I do not agree with that view. I believe another perspective will be helpful — even necessary — if we are to encompass this century of horror into our understanding of our human past and be prepared for a better future. This is the perspective of the philosopher — in particular, the philosopher of history. But why so? Why is it urgent for philosophy to confront the Holocaust? And what insight can philosophers bring to the rest of us about the particular evils that the twentieth century involved?

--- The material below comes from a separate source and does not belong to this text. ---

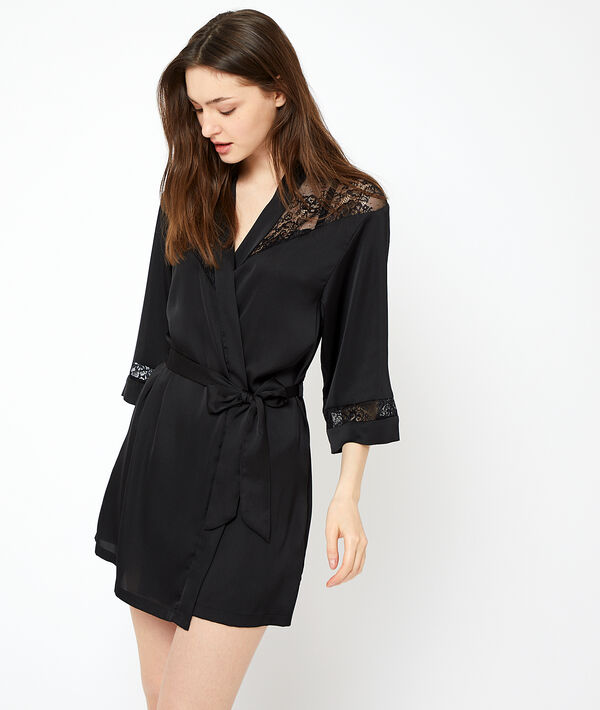 Kimono ozdobione koronką Kimono ozdobione koronką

Let’s begin with the question, why does philosophy need to confront the Holocaust? Here there seem to be at least two important reasons. First, philosophy is almost always about rationality and the good. Philosophers want to know what conditions constitute a happy human life, a just state, and a harmonious society. And we usually work on assumptions that lead, eventually, back to the idea of human rationality and a degree of benevolence. Human beings are deliberative about their own lives and courses of action; they want to live in a harmonious society; they are capable of recognizing “fair” social arrangements and institutions, and have some degree of motivation to support such institutions. These assumptions attach especially strongly to philosophers such as Aristotle, Seneca, Locke, Rousseau, Kant, and Hegel; less strongly to Hobbes and Nietzsche; and perhaps not at all to Heidegger. But there is a strong and recurrent theme of rationality and benevolence that underlies much of the tradition of Western philosophy. The facts about the Holocaust — or the Holodomor, or the Armenian genocide, or Rwanda — do not conform to this assumption of rational human goodness. Rather, rationality and benevolence fall apart; instrumental rationality is divorced from a common attachment to the human good, and rational means are chosen to bring about suffering, enslavement, and death to millions of individual human beings. The Holocaust, then, forces philosophers to ask themselves: what is a human being, if groups of human beings are capable of such destruction and murder of their fellows?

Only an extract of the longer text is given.